The U.S. Chamber of Commerce reaffirmed its stance against mandatory employer-sponsored healthcare last week in the wake of a poll showing negligible support for such a mandate among its members.
Nearly 40,000 of the Chamber's 220,000 members responded to a healthcare reform poll, and 56% of them said they preferred enhancing the current system rather than using more radical options for change. Only 6.6% said they favored an employer mandate. Some 11.3% said they favored requiring individuals to buy their own coverage, and 4.3% preferred a government-run system.

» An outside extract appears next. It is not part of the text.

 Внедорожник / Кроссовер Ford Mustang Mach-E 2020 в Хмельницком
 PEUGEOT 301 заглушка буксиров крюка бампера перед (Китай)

Before the board had even voted on the policy, however, Robert Patricelli, chairman of the Chamber's health and employee benefits committee, offered his resignation. In an April 21 letter to the board of directors, Mr. Patricelli said he supported the Chamber's position on employer mandates, which is consistent with members' views. But he said he didn't support a recommendation made to the board by chamber officials that it reject expanded subsidies for low-income individuals.
"Virtually every major congressional bill-Republican or Democrat-includes such a provision," he said.

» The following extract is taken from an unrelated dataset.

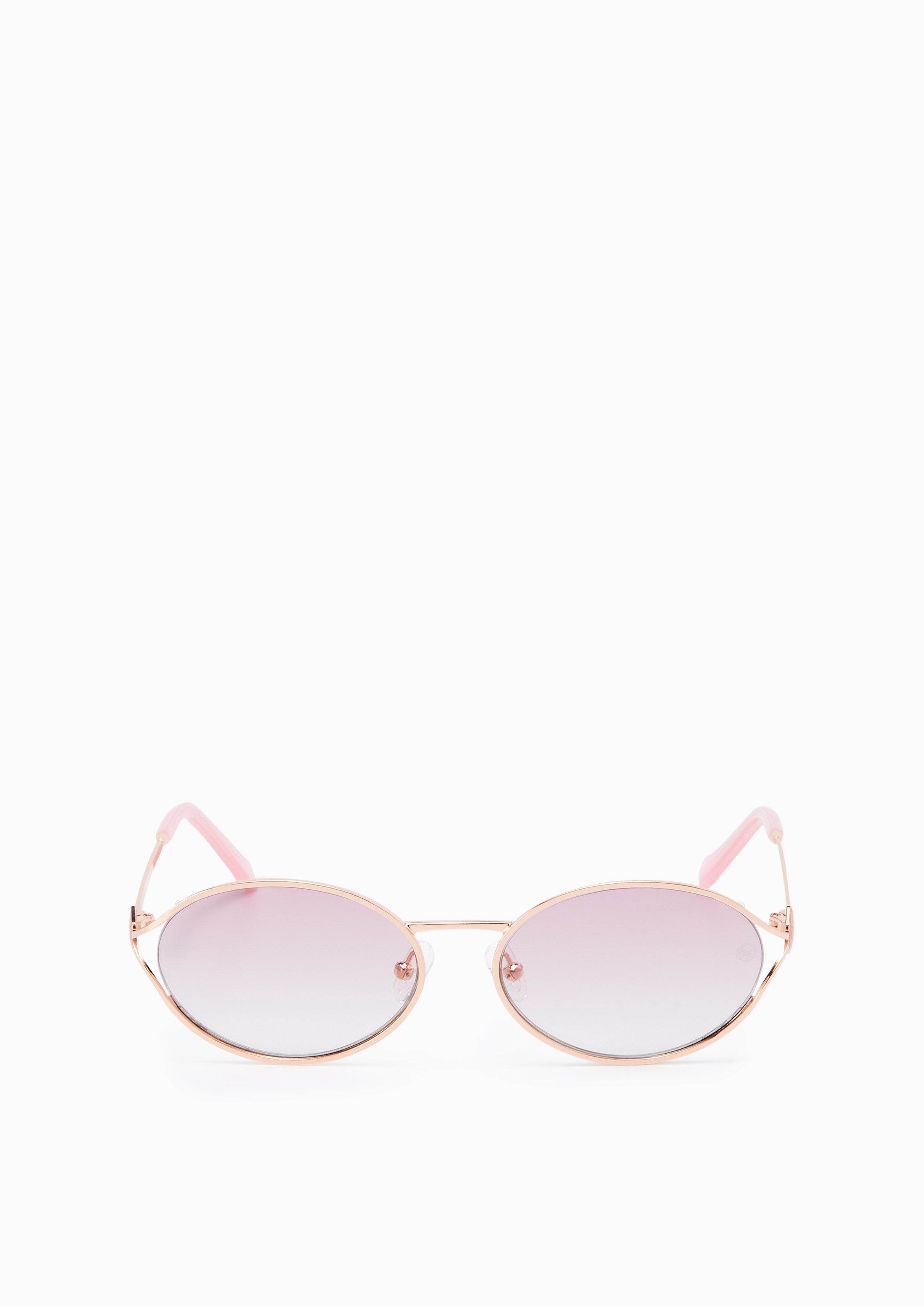 Nelly Sunglasses Pink - Lyn TH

The Chamber's poll found that 45.2% of members supported expanding low-income coverage while 43.6% did not. While the board rejected employer mandates, it deferred action on the low-income coverage question and others, including a mandate for employers to offer but not pay for workers' health insurance, based on the slim margin of approval.
"Without these two positions, the Chamber will have virtually no proposal that deals with the problem of lack of insurance for 38 million Americans," Mr. Patricelli said. Arguing that the lack of political leverage would raise the chance that a Clinton-type plan would prevail, he warned, "You can't fight something with nothing."